Data for this task:
<<<<

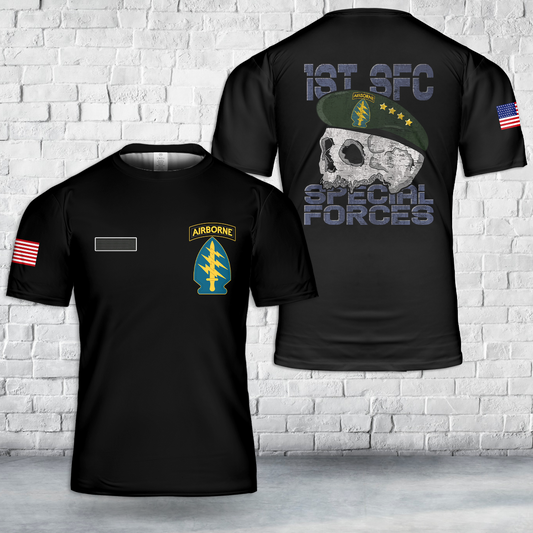 Custom Name US Army 1st Special Forces Command (Airborne) T-Shirt 3D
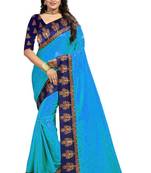 Teal Plain Border Art Silk Saree With Blouse For Women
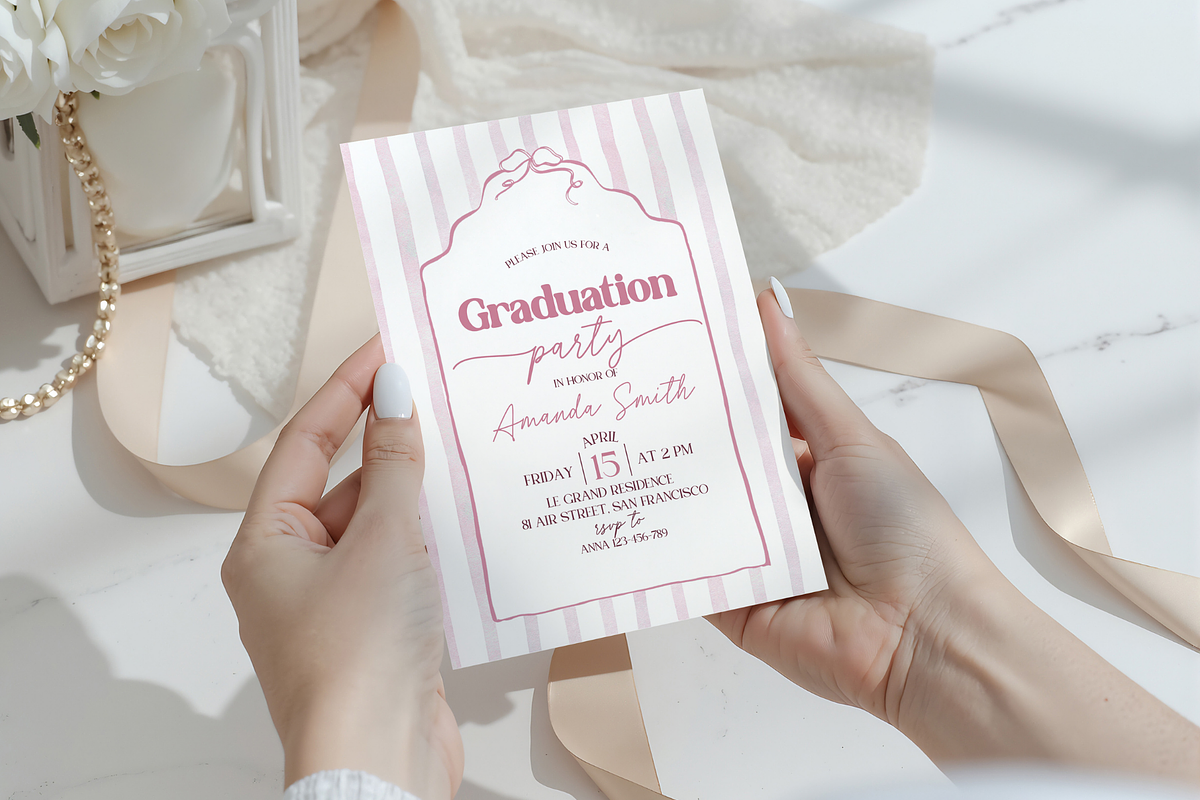 Feminine Graduation Party Invite, a Templates & Theme by VeliusCreativeStudio (Photo 3 of 3)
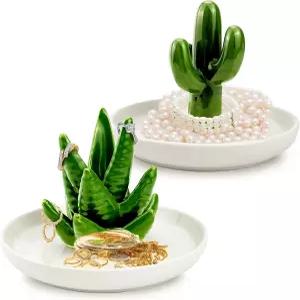 Seukhck 세라믹 링 홀더 접시 2종 세트 - 반지 귀걸이 목걸이용 선인장 및 알로에 주얼리 정리 트레이 홈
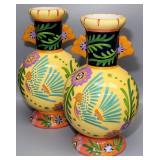 2 Vintage Colorful La Paloma Vases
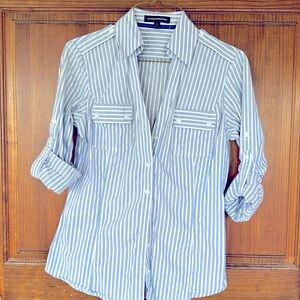 Express fitted striped blouse size small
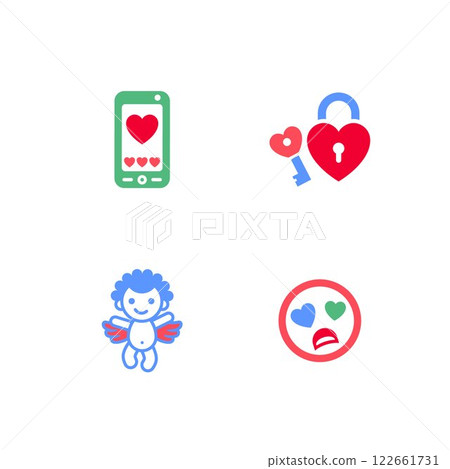 Set icons or Valentines day symbols, holiday signs designed for celebration 122661731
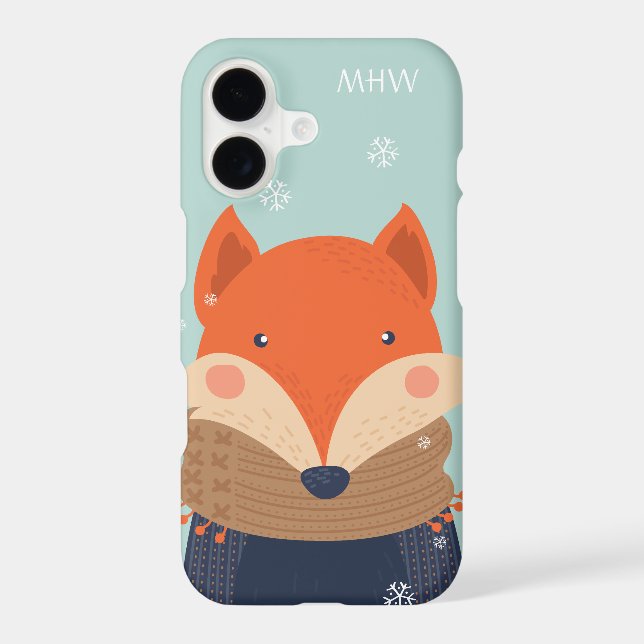 Custom monogram Winter Fox phone cases (Back)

>>>>

Problem details:
Print all of the records shown above exactly, leaving out each picture.

Final answer:
 Custom Name US Army 1st Special Forces Command (Airborne) T-Shirt 3D
 Teal Plain Border Art Silk Saree With Blouse For Women
 Feminine Graduation Party Invite, a Templates & Theme by VeliusCreativeStudio (Photo 3 of 3)
 Seukhck 세라믹 링 홀더 접시 2종 세트 - 반지 귀걸이 목걸이용 선인장 및 알로에 주얼리 정리 트레이 홈
 2 Vintage Colorful La Paloma Vases
 Express fitted striped blouse size small
 Set icons or Valentines day symbols, holiday signs designed for celebration 122661731
 Custom monogram Winter Fox phone cases (Back)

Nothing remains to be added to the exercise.